15
Charlie
“Why are you there?” I ask as I pull out of the Valley View Golf Course. I put the AC on full blast and tug my blouse from my sweating chest. My lunch meeting with Mike Grenado, Al’s former partner, was a bust.
“It’s Matt’s fault,” Meg says, and I hear the tone of an inside joke. “You really should’ve stuck to your guns and fired him last night. Yes, Mom met Al. You were right about that, but I have no idea what they’re doing. We got a little…sidetracked.”
“Do you need a lawyer?” Adjusting my vents, I take the long drive to leave the golf grounds, passing a few of the diehards ignoring the heat. I merge into traffic, thankful for my Bluetooth. “Are you at the downtown station? I’m on my way.”
“I think we’re good. There’s a little problem with fake IDs but I called JJ and he’s on it.”
“You did what?”
“I’ll explain later. I need you to go to my desk and get my sketchbook. Inside is a list of criminals. Search for the name Christopher Svenson.”
“Who’s he?”
“Career criminal on that list we researched. He had a girlfriend he traveled with. I think her name was Evelyn.”
“Like the woman on the painting?”
“Yep. Do you see the sketchbook?”
It’s a stretch to assume the woman in the portrait is the same one on a most wanted list from twenty-plus years ago.

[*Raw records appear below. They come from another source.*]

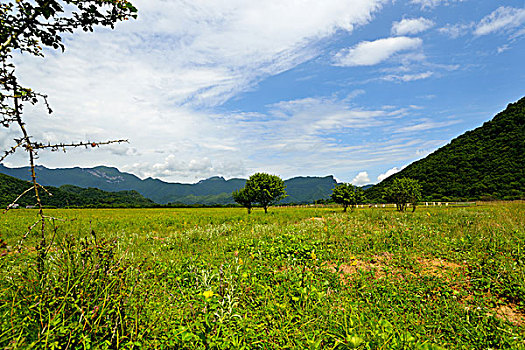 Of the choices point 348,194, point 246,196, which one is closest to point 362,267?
point 246,196

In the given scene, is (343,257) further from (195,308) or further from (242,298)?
(195,308)

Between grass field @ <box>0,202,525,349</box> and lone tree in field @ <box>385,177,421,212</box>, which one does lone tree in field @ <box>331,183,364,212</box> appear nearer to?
lone tree in field @ <box>385,177,421,212</box>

I put on my signal to merge into the traffic and accelerate. “I played phone tag all morning with Al’s partner, and he finally left a message to meet him at the Valley View Golf Course pavilion for lunch. He lives on the course apparently, but he never showed. I’m on my way back to the office now.”
“Did you go to his house? Ask around if he was out on the greens?”

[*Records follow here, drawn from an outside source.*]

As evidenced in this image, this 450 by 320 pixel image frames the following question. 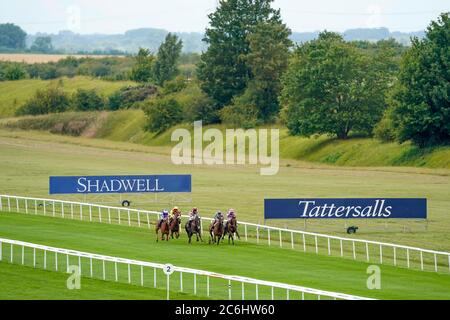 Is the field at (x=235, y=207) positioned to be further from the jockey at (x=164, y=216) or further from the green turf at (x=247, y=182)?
the jockey at (x=164, y=216)

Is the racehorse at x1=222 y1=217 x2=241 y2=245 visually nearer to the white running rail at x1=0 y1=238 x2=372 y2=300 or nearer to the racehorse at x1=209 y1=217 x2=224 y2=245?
the racehorse at x1=209 y1=217 x2=224 y2=245

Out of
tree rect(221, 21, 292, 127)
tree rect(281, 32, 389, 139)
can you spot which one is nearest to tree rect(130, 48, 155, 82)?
tree rect(221, 21, 292, 127)

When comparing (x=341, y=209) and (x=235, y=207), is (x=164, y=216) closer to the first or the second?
(x=341, y=209)

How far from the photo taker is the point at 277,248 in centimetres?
3161

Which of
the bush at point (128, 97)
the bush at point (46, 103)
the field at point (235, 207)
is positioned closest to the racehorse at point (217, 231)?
the field at point (235, 207)

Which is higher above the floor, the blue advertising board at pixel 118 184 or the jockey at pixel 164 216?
the jockey at pixel 164 216

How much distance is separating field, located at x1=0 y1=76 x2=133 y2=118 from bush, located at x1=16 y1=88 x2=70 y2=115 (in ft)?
6.83

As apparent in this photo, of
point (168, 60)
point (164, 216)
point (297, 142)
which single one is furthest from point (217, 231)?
point (168, 60)

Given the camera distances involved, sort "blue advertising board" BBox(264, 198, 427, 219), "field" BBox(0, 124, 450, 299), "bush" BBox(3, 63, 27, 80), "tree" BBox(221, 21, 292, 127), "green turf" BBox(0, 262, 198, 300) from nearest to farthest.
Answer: "green turf" BBox(0, 262, 198, 300), "field" BBox(0, 124, 450, 299), "blue advertising board" BBox(264, 198, 427, 219), "tree" BBox(221, 21, 292, 127), "bush" BBox(3, 63, 27, 80)

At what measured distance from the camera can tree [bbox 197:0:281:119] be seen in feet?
296

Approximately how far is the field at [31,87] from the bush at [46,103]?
2082 millimetres

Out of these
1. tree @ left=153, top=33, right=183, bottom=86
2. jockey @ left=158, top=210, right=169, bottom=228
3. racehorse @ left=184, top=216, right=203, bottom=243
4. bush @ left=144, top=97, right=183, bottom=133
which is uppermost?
tree @ left=153, top=33, right=183, bottom=86

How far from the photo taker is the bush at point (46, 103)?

“Check and check. He wasn’t home, or he was avoiding me, and no one’s seen him. I think the asshole stood me up.”
“Oh, here’s Matt. I gotta run. I’ll meet you back at the office.”
I beat her there, and Haley and I tackle her workspace. Yes, it takes two because my sister is no neat freak. There are art supplies, files, and books everywhere. She has sticky notes all over her laptop, and an assortment of tote bags and clothes slung over various pieces of furniture.
Today, Haley has an interesting combo of pink and purple in her hair, and she’s not the brightest thing in the room. My sister loves art of all kinds and there are bold canvases on the walls, along with statues and other pieces from multiple countries amongst the shelves and tops of cabinets.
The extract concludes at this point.